• **Given information**:
* * * * * * *

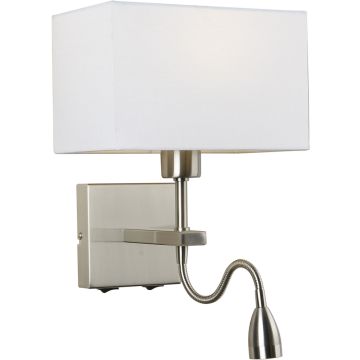 Italux NORTE WL-1122-2-BL-SN-RC-WH Nástěnná lampa 2x60W, 3W/E27, LED 3000K 350LM IP20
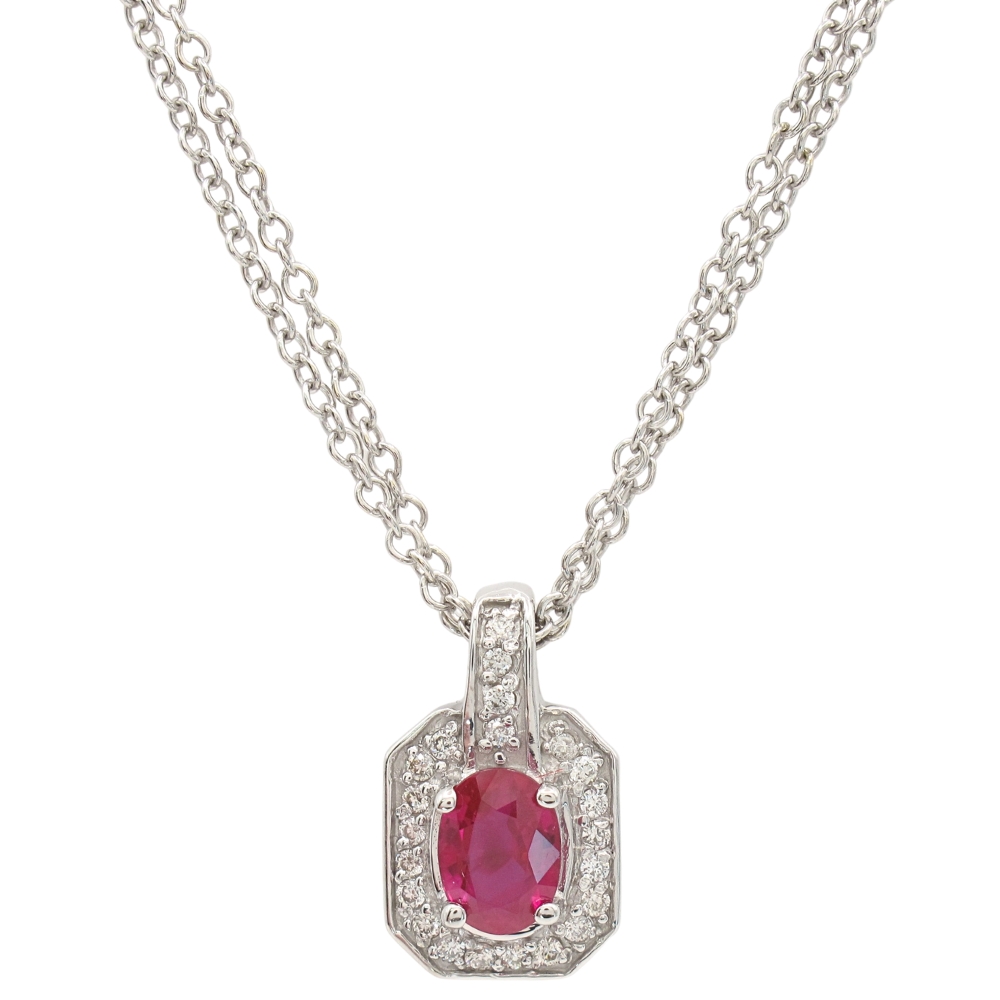 1.15ctw Ruby Necklace with Diamond Halo in 14K White Gold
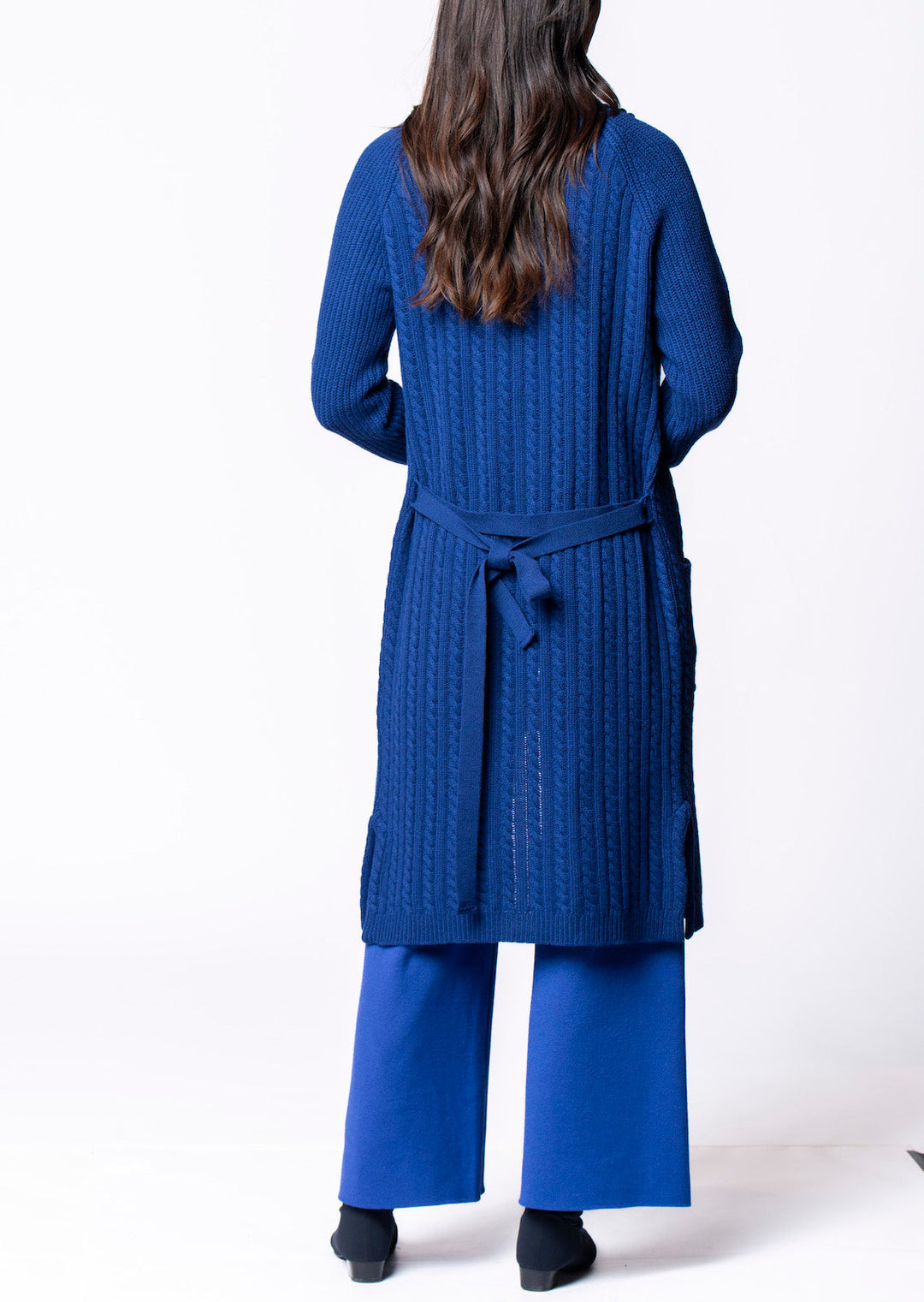 Layla Cable-Knit Belted Coat ; Dark Royal Blue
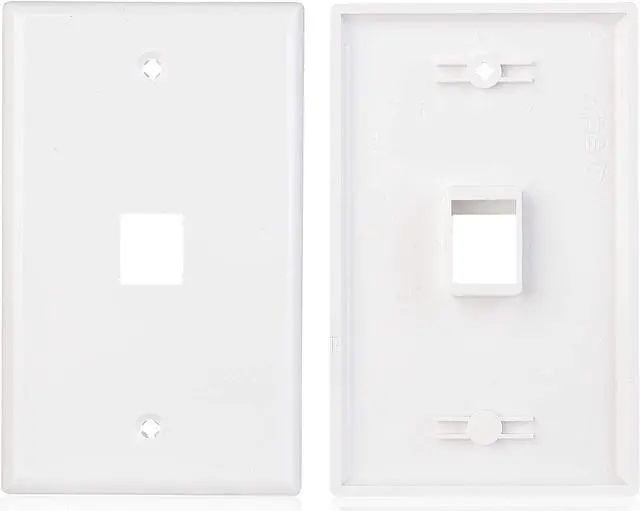 Alt view image 3 of 4 - Cable Matters 2-Pack 1-Port Ethernet Wall Plate, Cat6 Wall Plate / Cat5 Ethernet Wall Outlet in White with White Ethernet Keystone Jack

* * * * * * *

• **Exercise aim**: Your task is to repeat exactly the lines from the one containing "1.15ctw Ruby Necklace" through the end of the material, both included, and only those, without pictures.

• **The completed task**:
 1.15ctw Ruby Necklace with Diamond Halo in 14K White Gold
 Layla Cable-Knit Belted Coat ; Dark Royal Blue
 Alt view image 3 of 4 - Cable Matters 2-Pack 1-Port Ethernet Wall Plate, Cat6 Wall Plate / Cat5 Ethernet Wall Outlet in White with White Ethernet Keystone Jack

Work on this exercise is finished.